The White House announced
Thursday that it would not ask the CDC to again extend the eviction protection, which expires on July 31, and called on Congress to take action. The Biden administration would have liked to extend it (it has been extended four times already) given the rise in the spread of Covid cases due
to the Delta variant
, but White House Press Secretary Jen Psaki cited the Supreme Court’s ruling
that, “clear and specific congressional authorization” — new legislation — would be needed for the CDC to extend the moratorium past its current deadline.
The House Rules Committee met on Friday
to consider a bill to extend the federal eviction moratorium through December. But there isn’t wide bipartisan support and it faces an uncertain future in the Senate.
The Biden administration also asked government agencies to extend their respective bans on evictions, also set to expire July 31. On Friday agencies including the US Department of Housing and Urban Development and the Federal Housing Finance Agency extended their more limited eviction protections, banning the eviction of those living in federally-insured, single-family foreclosed properties through September.

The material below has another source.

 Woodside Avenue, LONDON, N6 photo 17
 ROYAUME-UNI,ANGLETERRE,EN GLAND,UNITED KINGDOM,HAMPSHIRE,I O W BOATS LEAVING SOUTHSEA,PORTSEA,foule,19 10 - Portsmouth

The CDC eviction moratorium and other protections have prevented an estimated 2.2 million eviction filings since March 2020, according to Peter Hepburn, a research fellow at the Eviction Lab and assistant professor of sociology at Rutgers University-Newark.

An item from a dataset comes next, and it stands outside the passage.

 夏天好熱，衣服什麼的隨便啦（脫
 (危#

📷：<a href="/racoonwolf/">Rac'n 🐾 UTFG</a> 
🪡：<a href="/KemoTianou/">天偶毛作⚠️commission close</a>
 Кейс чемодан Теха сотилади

“These moratoria and protections, they haven’t been perfect, but they’ve undeniably had a massive effect in preventing eviction filings,” Hepburn said.
This comes as an unprecedented amount of federal rental relief
— $46 billion — works its way through states, cities and local distribution points to the landlords and tenants who need it. The aid is the last lifeline that many renters can grab on to. But for many, it won’t come in time.